Notícias da Delegacia de Santo Amaro

polícia durante prisão de estudante
polícia durante prisão de estudante

(Protestos do dia 26/06/2013). Texto de Liana Cirne Lins, advogada. Fonte: Reprodução/Facebook.

Potpourri de absurdos na Delegacia de Santo Amaro nessa última noite. Foi absolutamente notório o esforço para agravar a situação dos manifestantes detidos, uma delas, infelizmente, já presa no Bom Pastor. O fato é que havia uma raiva difusa contra aqueles jovens que estão lutando por um país melhor. O governo de Eduardo Campos já havia, por diversas vezes, dado amostras da sua truculência contra os estudantes. Para quem só acordou agora, vou lembrar da grande manifestação contra aumentos das passagens de ônibus anos atrás. A polícia, naquela ocasião, agia também como nos tempos da ditadura, como foi agora.
A diferença é que, naquele momento, o gigante estava dormindo. Ou pior, lendo Veja.
E agora, esses meninos e meninas que estão indo às ruas, quando o gigante foi novamente tirar sua soneca, em muito menor número do que há uma semana, esses meninos e meninas são os herois nacionais.
De onde moro, por ironia, vi do alto toda a situação.
Uma massa de jovens gritando “vem pra rua”. Luzes nos prédios piscando.
De repente, 5 viaturas invadem a manifestação. E aí eu já estava descendo às pressas para a delegacia, onde passei quase 9 horas.
Para nada.
Porque onde falta democracia, advogado não é bem-vindo.
Vejamos:
1) Minha entrada (e a de vários outros colegas advogados) foi barrada, sob a desculpa absurda de que eu não possuía procuração dos meus constituintes.
2) Finalmente, após cerca de 20 minutos, consegui entrar na delegacia, mas para tanto uma outra colega teve que sair, pois eles não admitiam que um detido tivesse mais de um advogado.
3) Até a primeira estudante ser liberada, passaram-se mais de 4 horas.
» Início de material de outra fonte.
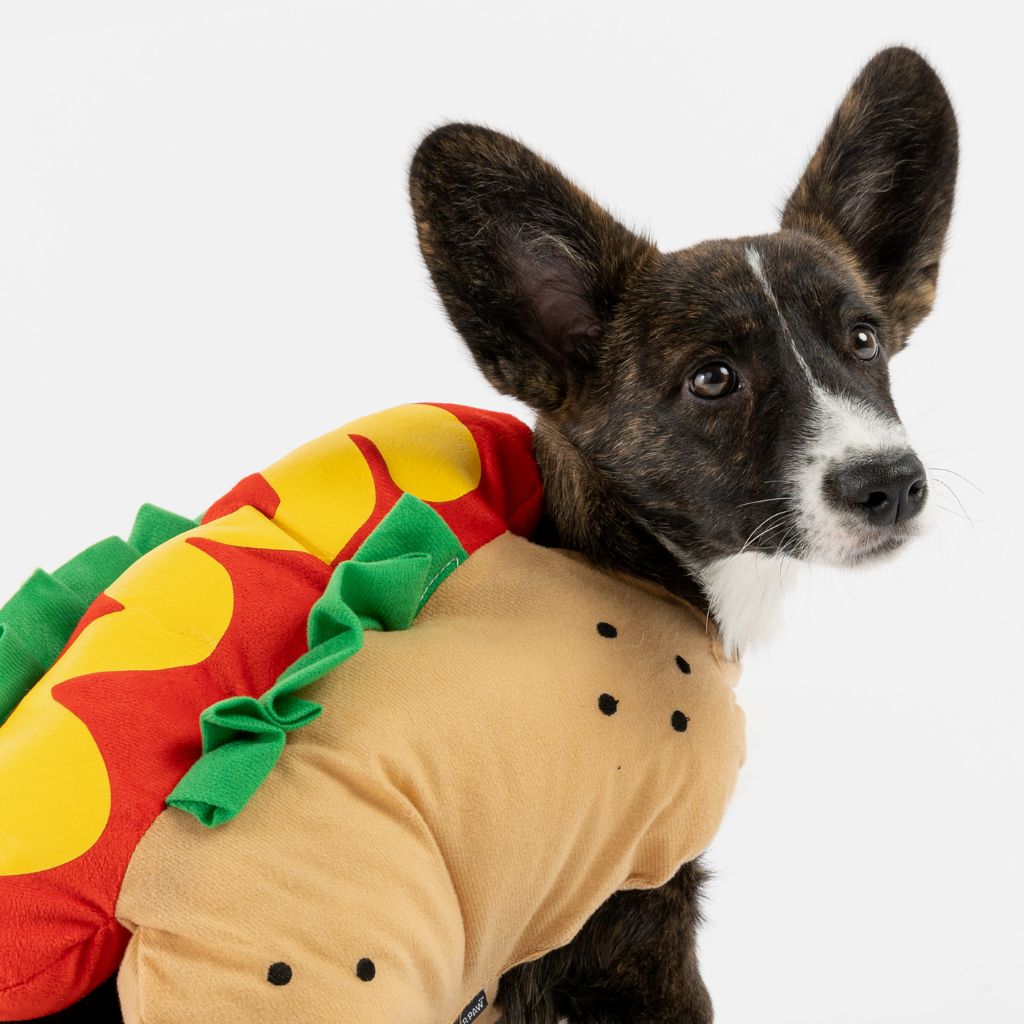 Hot Dog Costume For Dog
Nessas quatro horas, nem eu, nem a estudante que eu estava defendendo fomos ouvidas.
4) A policial que fez a ocorrência afirmou que nada tinha acontecido (em relação a estudante da UFPE detida por resistência), tanto para mim quanto para outro advogado, mas que estava sendo pressionada a fazer a ocorrência.
5) As fianças para o estudante de história da UFRPE e para a estudante da FAFIRE foram arbitradas ANTES que os mesmos tivesses sido ouvidos, em R$ 5.000,00 para cada, ao total arrepio das condições econômicas desses estudantes.
6) A convicção da Delegada estava formada, portanto, também ANTES que fossem ouvidas suas versões e com total arrepio ao princípio do contraditório.
7) A pedido da advogada Noelia Terena Brito , duas testemunhas de defesa (entre inúmeras que aguardavam do lado de fora), foram admitidas. Para nossa total surpresa, uma das testemunhas, ao entrar na delegacia voluntariamente, a pedido dos advogados, foi TAMBÉM DETIDA, NÃO PÔDE TESTEMUNHAR E SOMENTE FOI LIBERADA APÓS ASSINAR TCO POR OBSTRUÇÃO DA JUSTIÇA.
9) Naturalmente, impedimos que o outro estudante que também testemunharia entrasse na delegacia, para não sofrer o mesmo abuso.
10) A jovem estudante da FAFIRE foi detida, segundo os policiais, com uma sacola com “artefatos explosivos”. A estudante afirma que ela não tinha a menor condição de portar bolsa ou sacola, pois empunhava um megafone nas mãos o tempo inteiro.
11) De qualquer forma, o porte de artefatos explosivos foi configurado pela questionável posse de 3 bombas de São João, conhecidas como “peido de velha”!!!!
12) Essa jovem encontra-se agora no presídio Bom Pastor, pois o acordo de mantê-la detida na Delegacia não foi cumprido.
13) Não bastasse tudo isso, o site do TJPE não informava os contatos do juízo plantonista, para que pudéssemos impetrar os habeas corpus e evitar a prisão dos estudantes.
14) O único advogado recebido adequadamente pela Delegada foi o Presidente da OAB/PE, Dr. Pedro Henrique Reynaldo Alves, que saiu do desembarque do aeroporto diretamente para as delegacias. Ainda assim, não pôde dissuadir a Delegada do desacerto do procedimento como um todo.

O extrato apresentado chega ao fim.